La confrontation souligne l'immense importance stratégique du détroit d'Ormuz, une voie navigable étroite qui gère environ 20 % des expéditions mondiales de pétrole et de gaz naturel liquéfié. L'incident survient alors que l'Iran tente de formaliser son contrôle sur le canal, ayant récemment créé une agence gouvernementale pour inspecter et taxer les navires de passage, une mesure qui, selon la société de données maritimes Lloyd’s List Intelligence, a soulevé des inquiétudes quant à l'érosion de la liberté de navigation dont dépend le commerce mondial.
Les marchés réagissent à l'escalade
Le choc géopolitique s'est rapidement propagé aux marchés financiers. Les prix du pétrole ont d'abord chuté à la suite des rapports, un mouvement surprenant que certains analystes ont attribué au fait que les traders réévaluaient si la confrontation perturberait matériellement les flux maritimes ou resterait un bras de fer militaire localisé. Le Bitcoin et d'autres cryptomonnaies majeures ont également chuté alors que les investisseurs cherchaient à réduire leur exposition aux actifs à risque par crainte d'une escalade militaire plus large.

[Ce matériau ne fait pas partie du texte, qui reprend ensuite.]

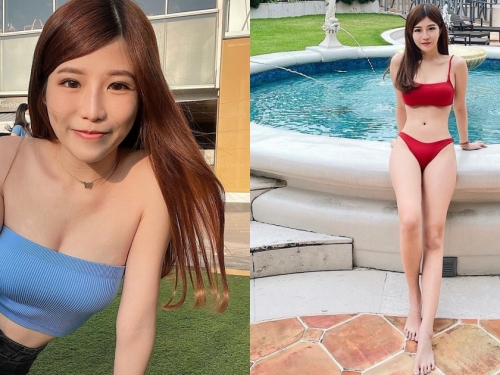 「酒窩甜妹」笑容超有戀愛感！換上泳裝「美乳長腿」害人瞬間墜入愛河！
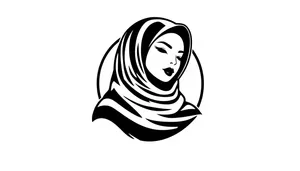 Cartoon Housewife Haircut Clip Art Drawing.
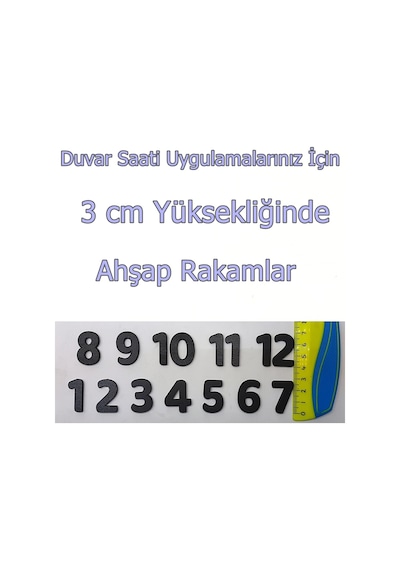 Duvar Saati Ahşap Rakamları Ahşap Saat Rakamı Saat Mekanizması (375214247) Ahşap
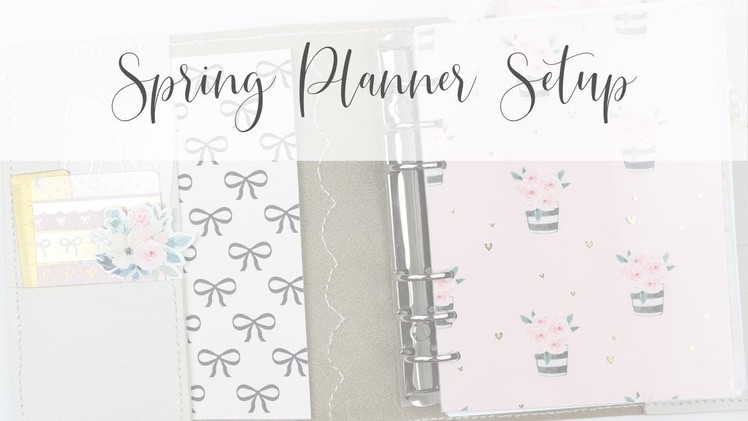 Spring Planner Setup | PelleStudio B6 Rings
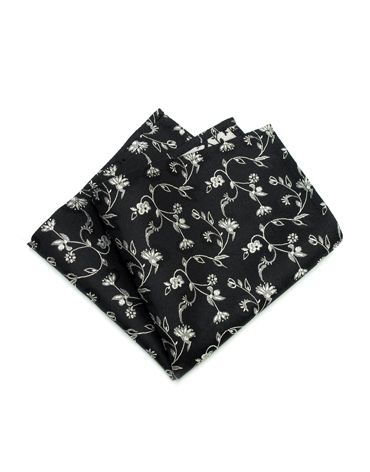 flower pattern black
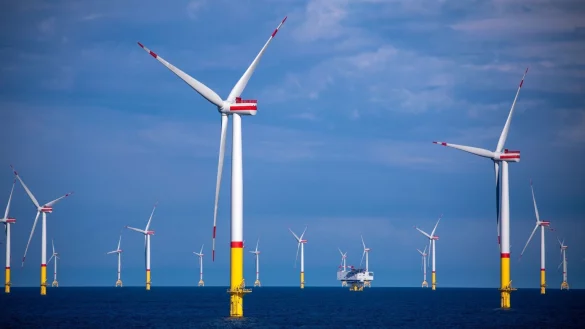 Offshore-Windpark - &copy; Foto: Jens B&uuml;ttner/dpa-Zentralbild/ZB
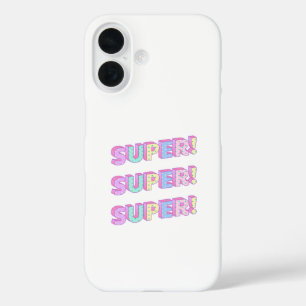 iphone cases with title "SUPER"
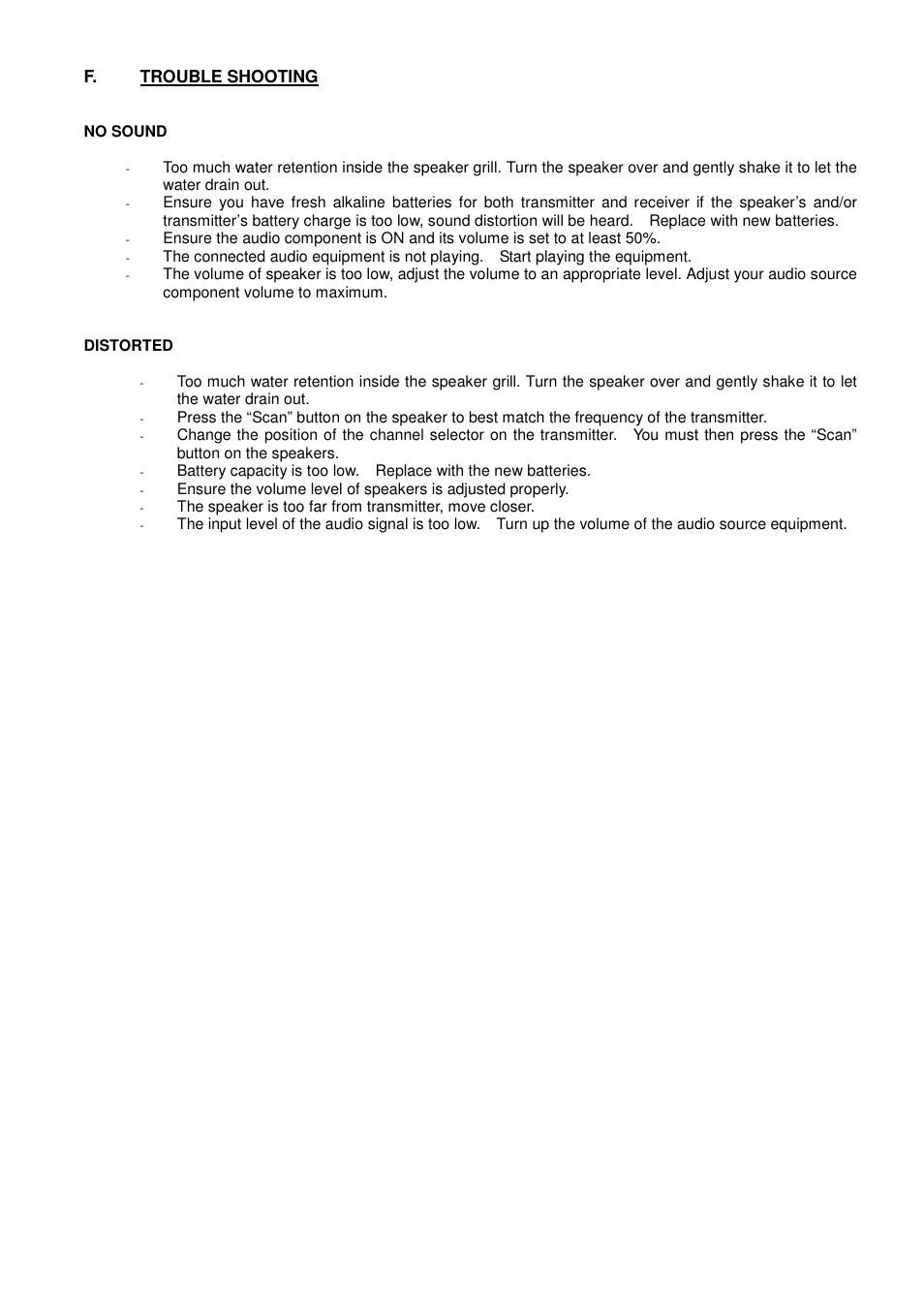 Cables Unlimited Audio Unlimited SPK-POOL User Manual | Page 7 / 8
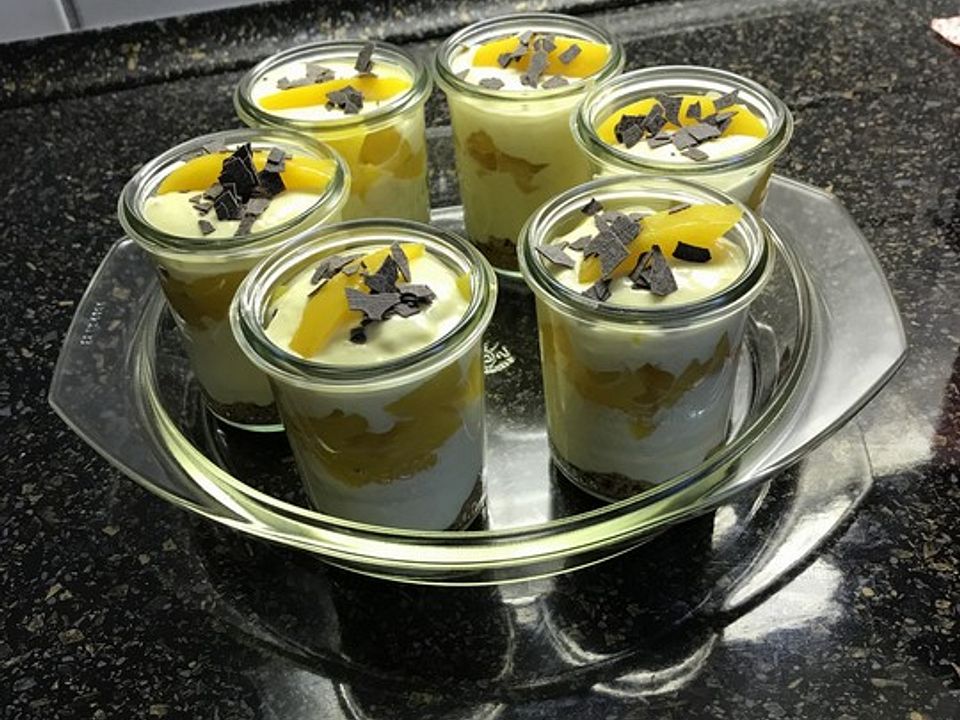 Pfirsich - Mascarpone - Dessert von selterskuchen | Chefkoch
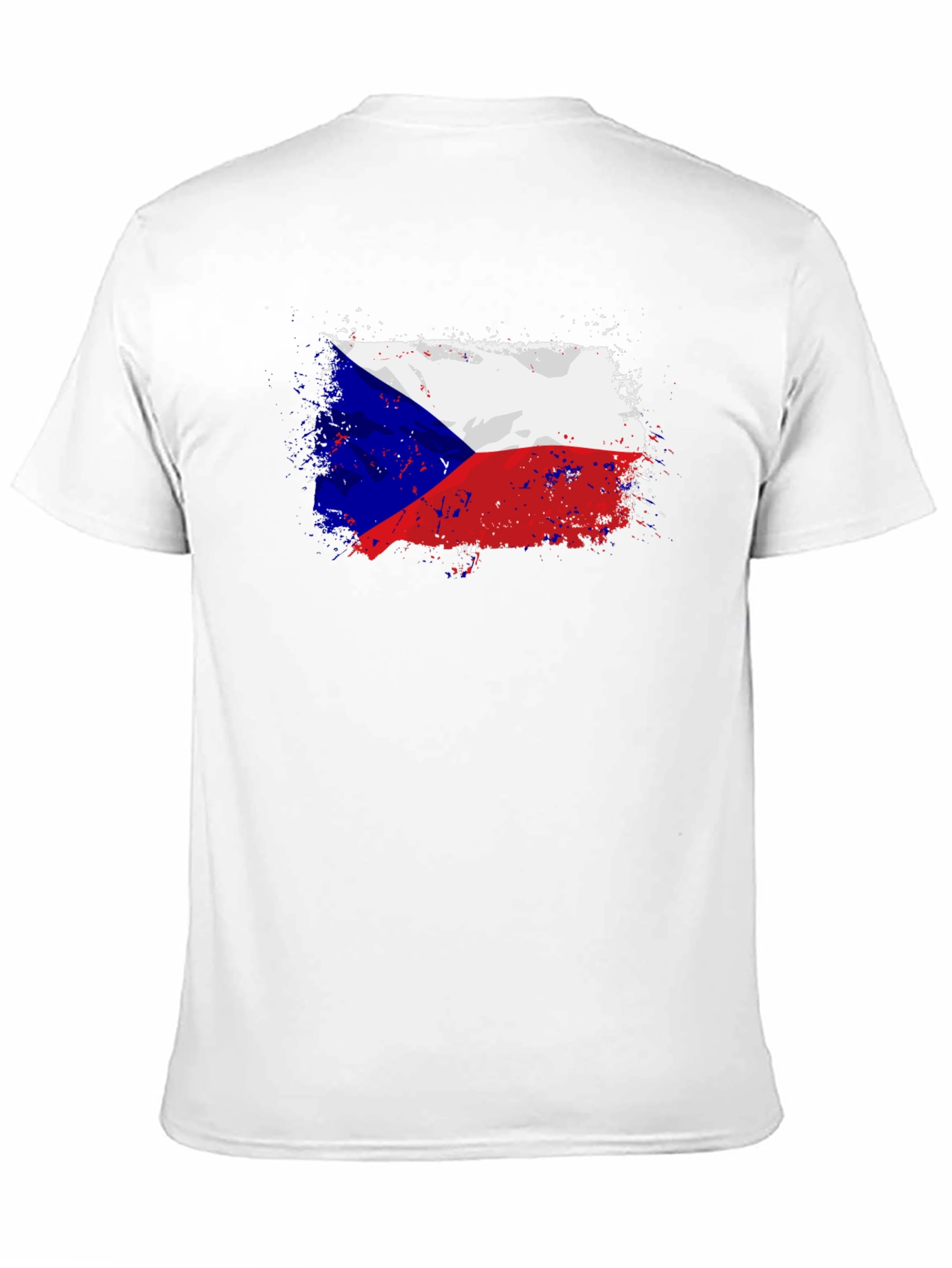 Czech Republic Flag T-Shirt - Grunge Style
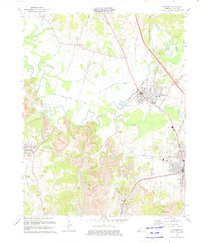 HARTFORD, KY HISTORICAL MAP GEOPDF 7.5X7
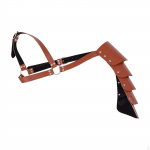 Gooti stiilis Steampunk &otilde;lasarmor &otilde;lgu kehitav v&ouml;&ouml; reguleeritav rihm Pauldrons PU keskaegne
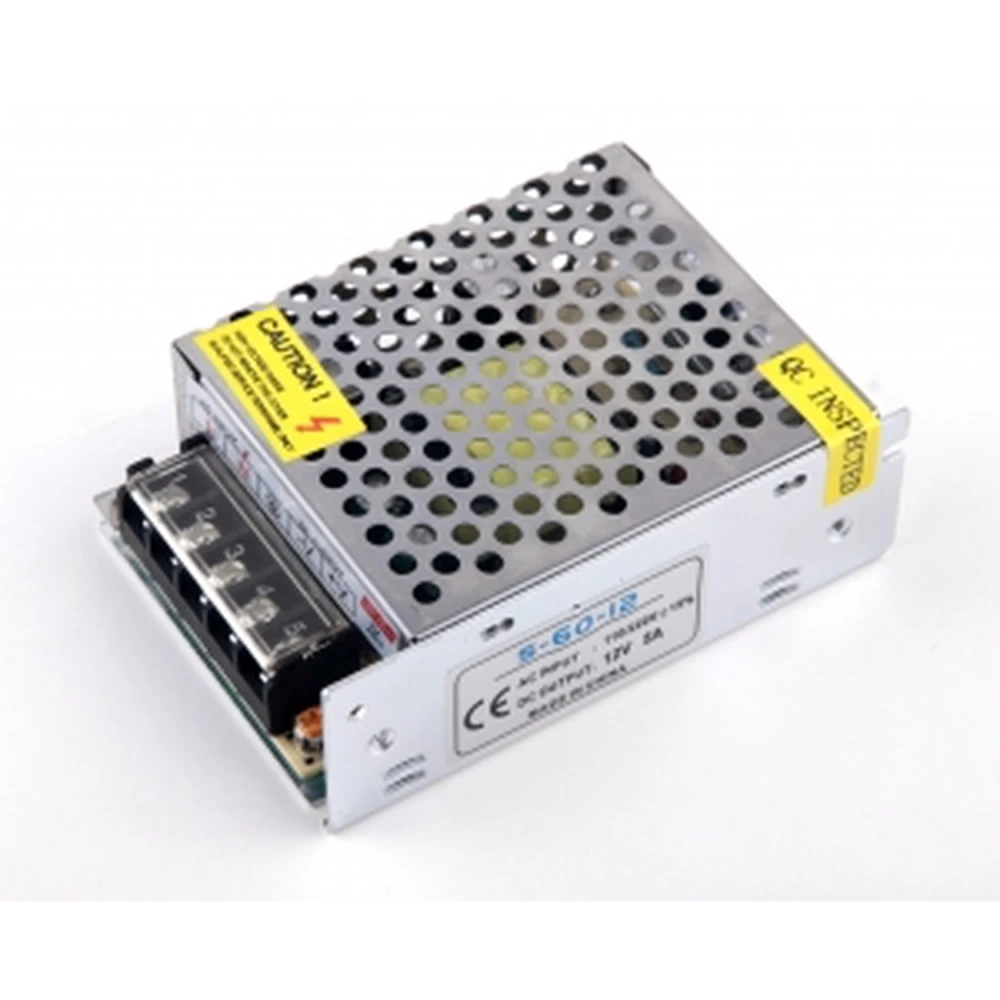 12V 5A 60W transformators - augstas kvalitātes AC uz DC barošanas bloks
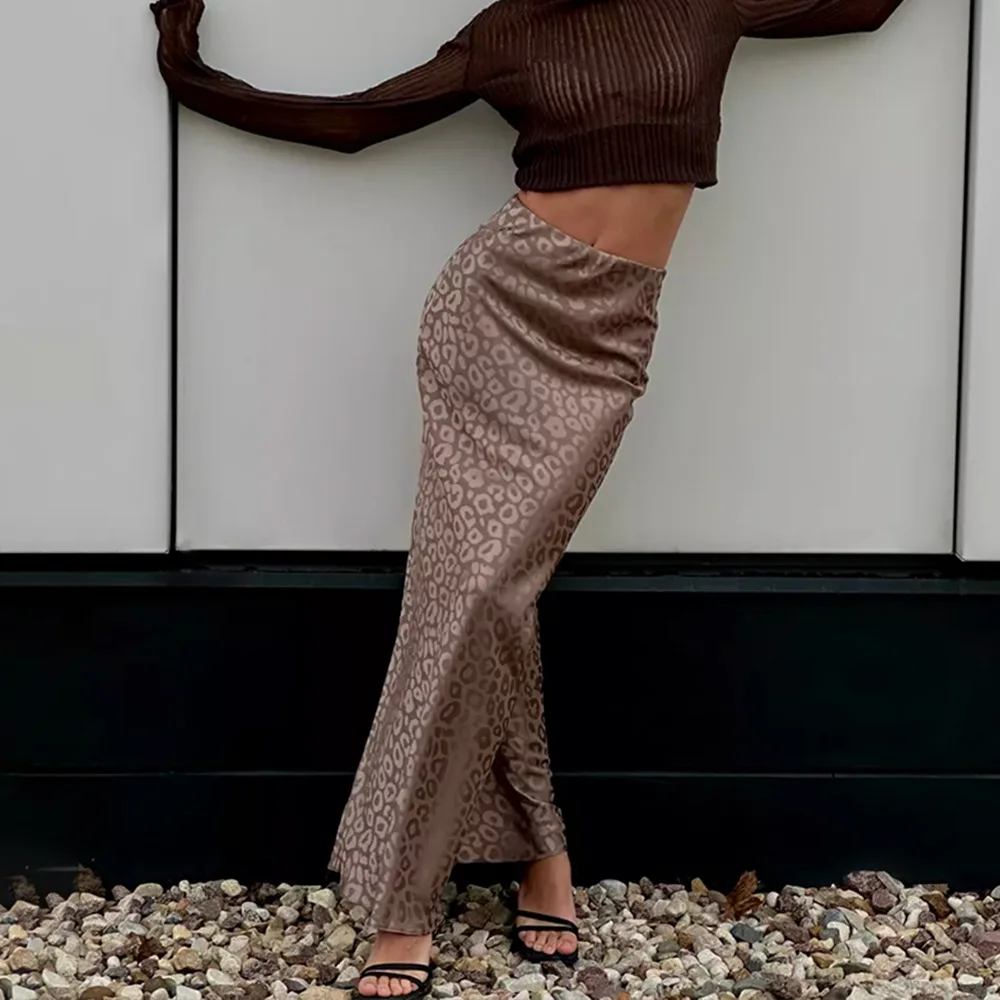 Summer 2024 Long Skirt Fashionable and Sexy Leopard Print Hip Cover Long Satin Skirt Elegant Luxurious Women's Clothing
Summer 2024 Long Skirt Fashionable and Sexy Leopard Print Hip Cover Long Satin Skirt Elegant Luxurious Women's Clothing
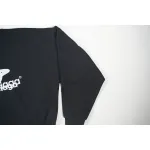 LAYERED SPORTS ROUND SWEATSHIRT OVERSIZED IN BLACK/WHITE 767860TPVF31070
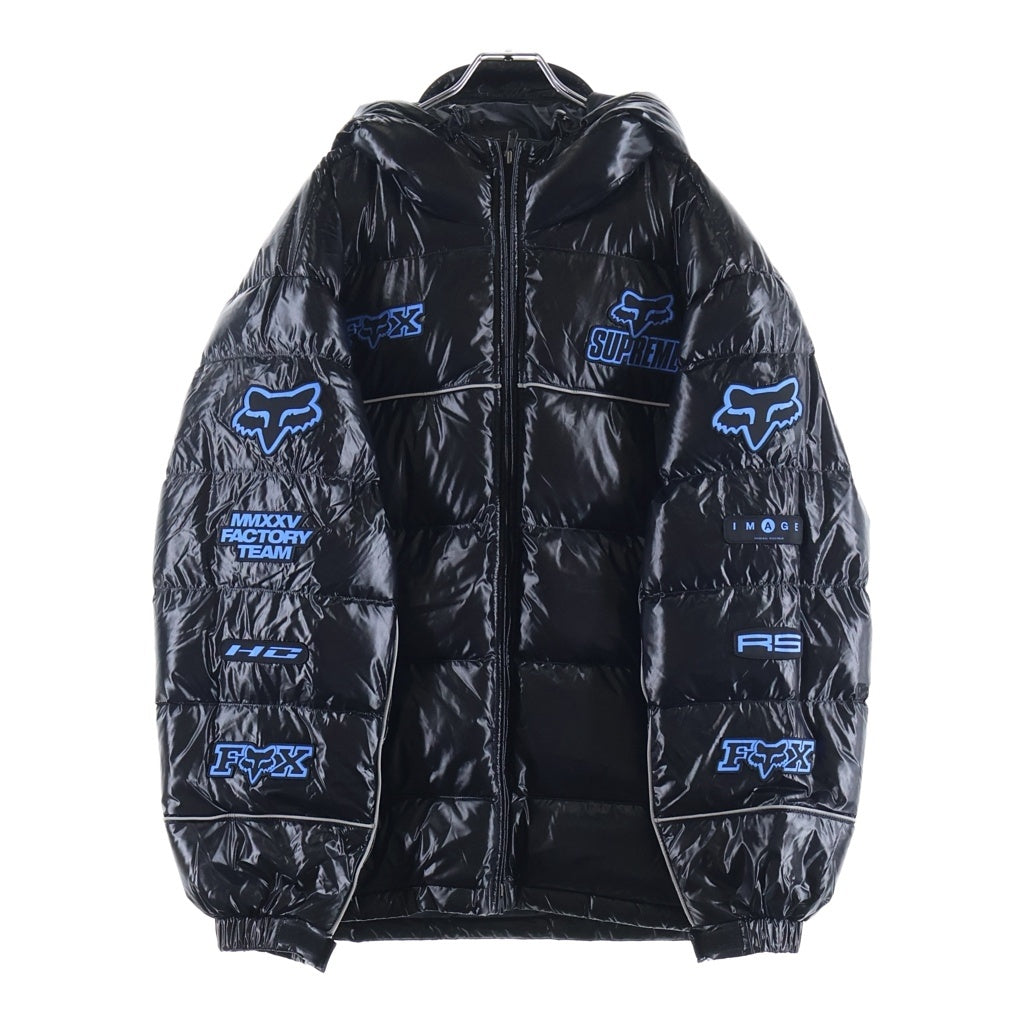 SUPREME(シュプリーム) 25AW ×Fox Racing Shiny Down Puffer Jacket フォックスレーシング シャイニーダウンパファージャケット ブラック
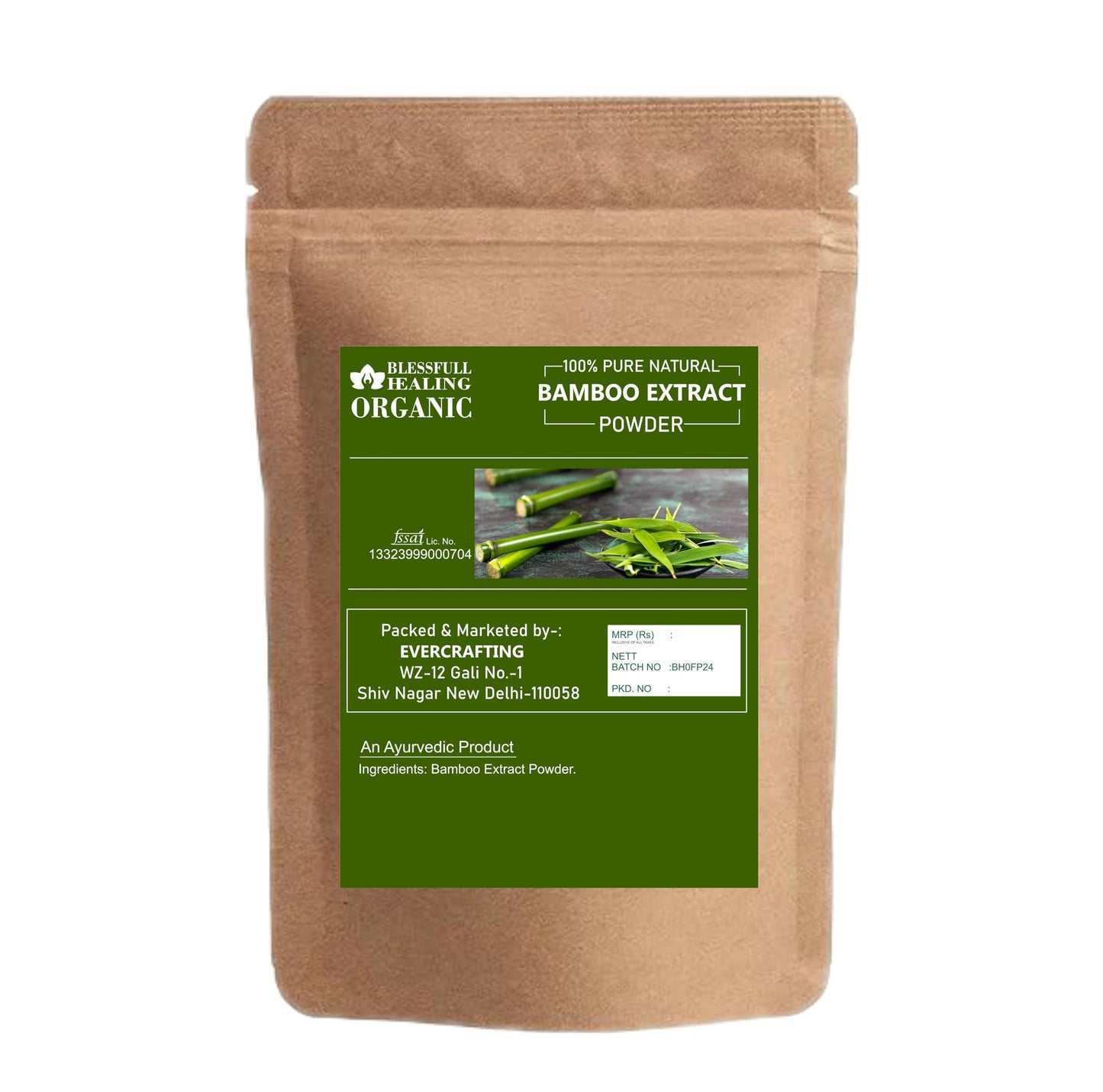 Blessfull Healing Organic Bamboo Extract Powder 10.58 oz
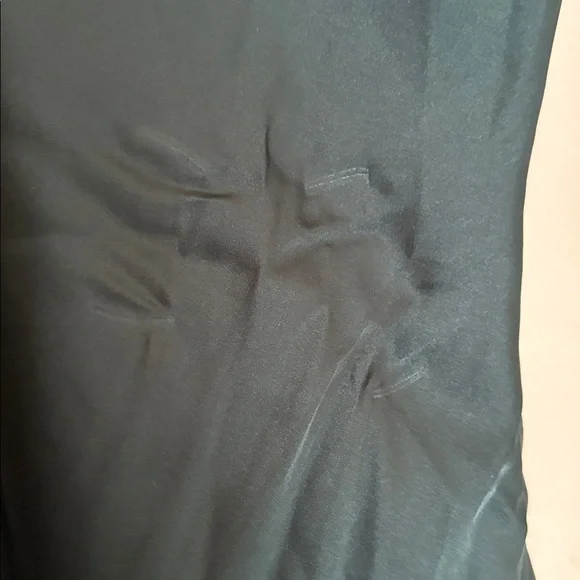 BHLDN one shoulder scarf neck asymmetrical maxi dress dark green size XS - Picture 9 of 10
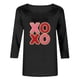 thumbnail image 5 of RKSTN Valentine's Gifts Women's 3/4 Sleeve T Shirts Top Oversized Crewneck Valentines Graphic Print Short Sleeve Shirt Womens Casual Solid Round Neck Loose Three Quarter Sleeve Shirt Spring Clothes, 5 of 7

La réaction du marché reflète la profonde incertitude entourant ce conflit de deux mois. Bien que le président Trump ait déclaré la victoire à plusieurs reprises, le conflit se poursuit. L'analyste Xueqin Jiang, surnommé le « Nostradamus chinois » pour ses prévisions géopolitiques, a récemment prédit une défaite américaine dans le conflit, arguant que la société américaine manque de capacité de production et de tolérance au risque pour une guerre prolongée en Iran.
Une guerre de récits
Washington et Téhéran sont engagés dans une guerre de l'information parallèlement à leurs actions militaires. Les médias d'État iraniens ont affirmé que les États-Unis avaient initié l'attaque contre un pétrolier, provoquant un lancement de missiles de représailles. Inversement, les responsables américains maintiennent que leurs actions étaient défensives, répondant à l'agression iranienne et aux tentatives de briser un blocus lié au conflit en cours. Cela suit un schéma de messages contradictoires de l'administration Trump, qui a oscillé entre menaces de nouveaux bombardements et appels à un accord de paix pour rouvrir le corridor maritime vital.
La situation reste fluide, les traders et les dirigeants mondiaux surveillant de près les déclarations des deux côtés. Les Nations Unies sont devenues un autre théâtre du conflit, les États-Unis et leurs alliés poussant pour une résolution du Conseil de sécurité condamnant les actions de Téhéran, tandis que l'ambassadeur d'Iran a averti que l'adoption de la résolution « politiserait les pouvoirs d'exécution du conseil ». L'issue de ces manœuvres diplomatiques et militaires aura des conséquences importantes pour l'économie mondiale, affectant potentiellement tout, des prix de l'énergie à l'inflation et au sentiment général des investisseurs.
Cet article est à titre informatif uniquement et ne constitue pas un conseil en investissement.